I wanted to send you an intro w/ a little more information about ES than you may have gotten from our Mod Support team so here you go!

To get started on this forum, click on the gray “How To Use This Site” link above & review the information there. You can search any topic using the gray magnifying glass icon in the upper right. Our Newbies Guide has lots of information about ES as
well as links to published research papers. We also have a list of doctors familiar w/ ES (see link at bottom of this email).

Eagle Syndrome is defined as 1) elongation of the styloid process(es) OR 2) calcification of the stylohyoid ligament(s) OR 3) a combination of 1 & 2. The type of doctor that usually treats ES is a skull-based ENT surgeon, neurosurgeon or maxillofacial surgeon. These doctors are often cancer specialists. Understanding the type & thoroughness of a doctor’s surgical approach is important. We recommend the external (vs. intraoral) approach as the styloid can be removed back to the skull base & the stylohyoid ligaments, if calcified, can be removed from styloid tips to hyoid bone which provides the best long-term recovery from ES symptoms. Nerves & vascular tissues can also be better monitored via the external approach. A CT scan is the best way to diagnose ES. Your CT needs to show the area between your hyoid bone & skull base focusing on the styloid processes & stylohyoid ligaments. If you have calcification on your stylohyoid ligaments, that will also show up but the ligaments themselves will be invisible - only the calcified sections can be seen.

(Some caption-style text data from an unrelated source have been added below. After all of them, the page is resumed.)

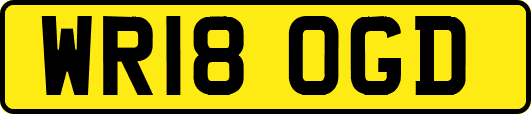WR18OGD
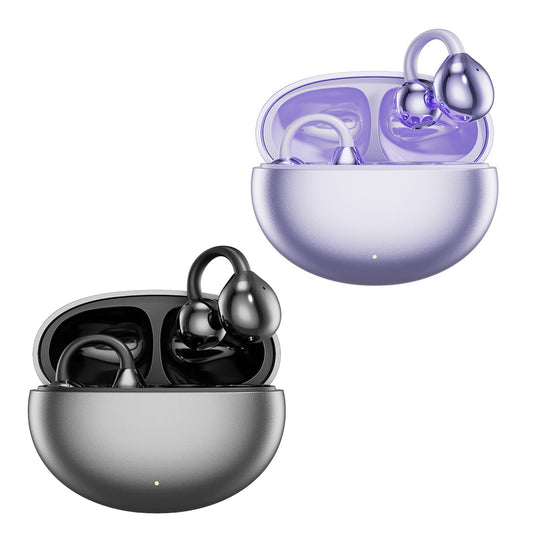 ايربودز حلق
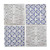 TAG Set of 4 Rustica Coasters (208770)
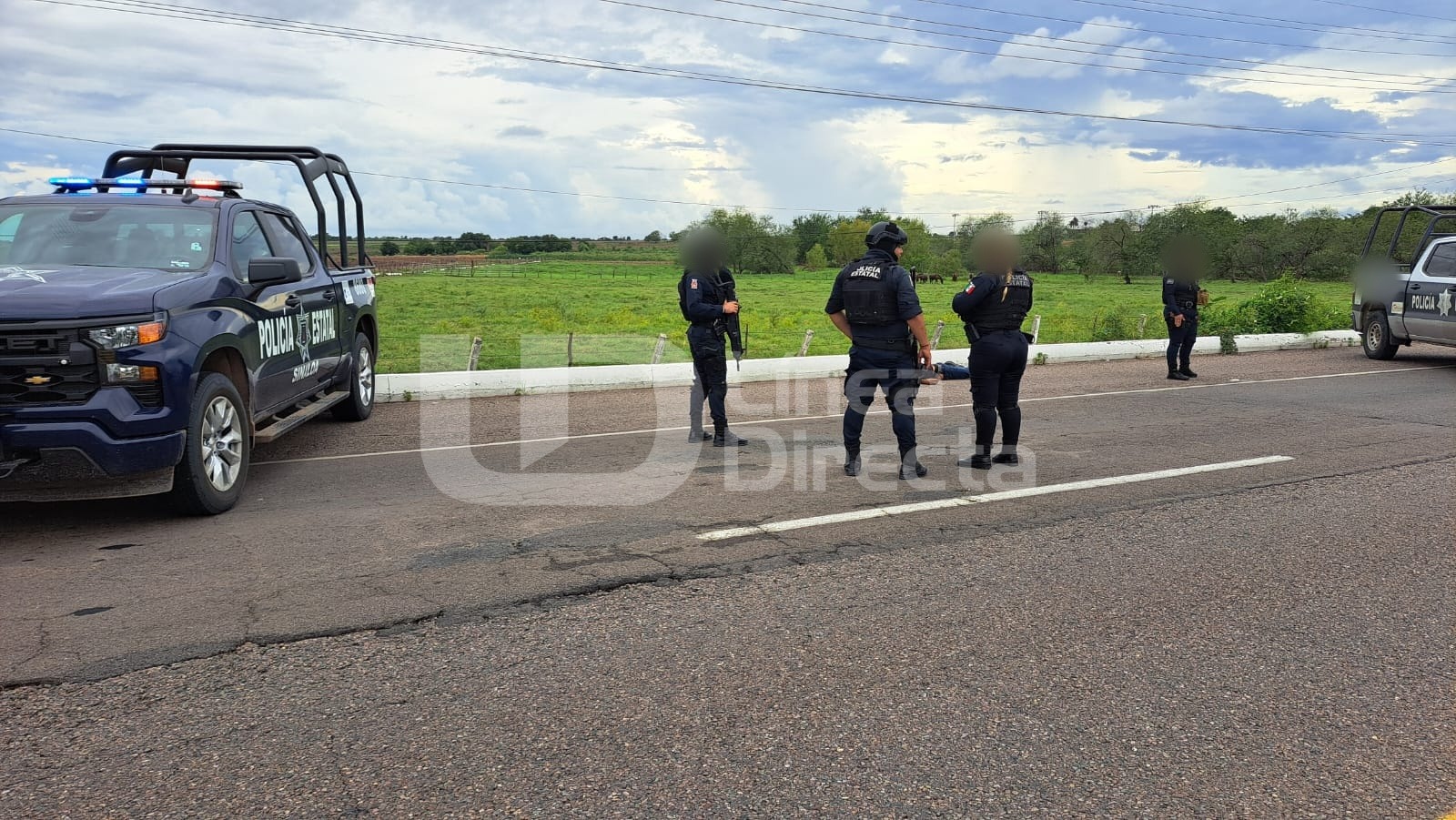 Fiscalía de Sinaloa reporta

The symptoms of ES are caused by irritation of up to 6 cranial nerves that “live” in your neck in the same area as the styloid processes & stylohyoid ligaments. Elongation of the styloid(s) &/or calcification of the stylohyoid ligaments can cause irritation to these nerves. Alone each nerve when “upset” can create painful & sometimes scary symptoms. When more than one is irritated the symptoms caused can be downright debilitating. Additionally, vascular compression of the internal carotid artery &/or jugular vein can occur which creates other miserable & concerning symptoms such as migraines, visual changes, heart & blood pressure issues & intracranial hypertension (high blood pressure inside the skull). Obviously, the solution for recovery is to remove the offending bones/ligaments so the nerves &/or vascular tissues can recover. There is a series of YouTube videos called Two Minute Neuroscience . Each cranial nerve is featured in a two-minute video w/ explanation as to location, function & dysfunction of the nerve. It would be good for you to watch them. These are the nerves affected by ES: vagus, facial, glossopharyngeal, hypoglossal, trigeminal & accessory. Hopefully the information you receive will help you understand the source of some/most of your symptoms.

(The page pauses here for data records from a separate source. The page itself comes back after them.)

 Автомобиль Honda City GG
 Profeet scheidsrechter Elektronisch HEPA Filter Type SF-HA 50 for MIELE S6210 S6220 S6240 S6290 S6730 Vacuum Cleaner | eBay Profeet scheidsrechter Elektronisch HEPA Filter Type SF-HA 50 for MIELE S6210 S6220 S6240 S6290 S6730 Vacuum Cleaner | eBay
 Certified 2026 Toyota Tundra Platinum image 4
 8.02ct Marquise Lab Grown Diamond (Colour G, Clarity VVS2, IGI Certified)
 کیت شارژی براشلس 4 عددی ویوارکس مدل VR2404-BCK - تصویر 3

Please join any conversation on the forum or start your own. We like our new members to share their ES stories (even if not diagnosed) so we know best how to support you. Though we aren’t doctors, there is a wealth of experiential ES knowledge here. Please feel free to email me back if you have any specific questions.

We hope you find this a friendly, caring place.

Wishing you the best,
Isaiah_40_31

1 Like

Hi,
New member here.
My symptoms are,
Right lower jaw pain under ear since may.
Mild Swelling in the lower jaw since may.
Ear fullness and clogged since may
Neck pain.side of the neck mild swelling and a small lump since July.
Top side of the head above ear is very sore to touch since July.
Ringing and buzzing sound in the ear since July.some soft sound while lying down.
Feeling of something stuck in throat since August.
Side of the neck is so tight and stiff since august.
The pain in the lower jaw under ear doesn’t change since may. Still the same symptoms. It’s like sore and burning pain Continuously. No change in this symptom irrespective of taking NSAIDs or muscle relaxers. Been to different doctors.
Been to ENT to check ear infection. No infection.

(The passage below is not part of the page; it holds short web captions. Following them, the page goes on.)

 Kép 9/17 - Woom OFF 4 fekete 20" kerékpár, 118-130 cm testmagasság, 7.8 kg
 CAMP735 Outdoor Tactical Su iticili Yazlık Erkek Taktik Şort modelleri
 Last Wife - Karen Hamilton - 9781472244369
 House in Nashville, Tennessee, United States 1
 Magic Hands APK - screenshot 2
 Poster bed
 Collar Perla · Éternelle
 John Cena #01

Went to dentist. He told me to extract the upper wisdom tooth and did it in July. He said either upper wisdom tooth or a suspected crack /fracture in my lower first molar is causing these symptoms. I went to Endodontist and checked the crack. No tooth fracture and did a root canal. Still the same symptoms after wisdom tooth removal and root canal on lower molar. So the dentist telling me to check it with tmj specialist to check the jaw issue and tmj. He also want me to check about eagle syndrome. He said, he is not sure about it with my pan xray. He wants me to check with tmd specialist. Whether tmjd specialist can diagnose eagle syndrome? Please help me with inputs.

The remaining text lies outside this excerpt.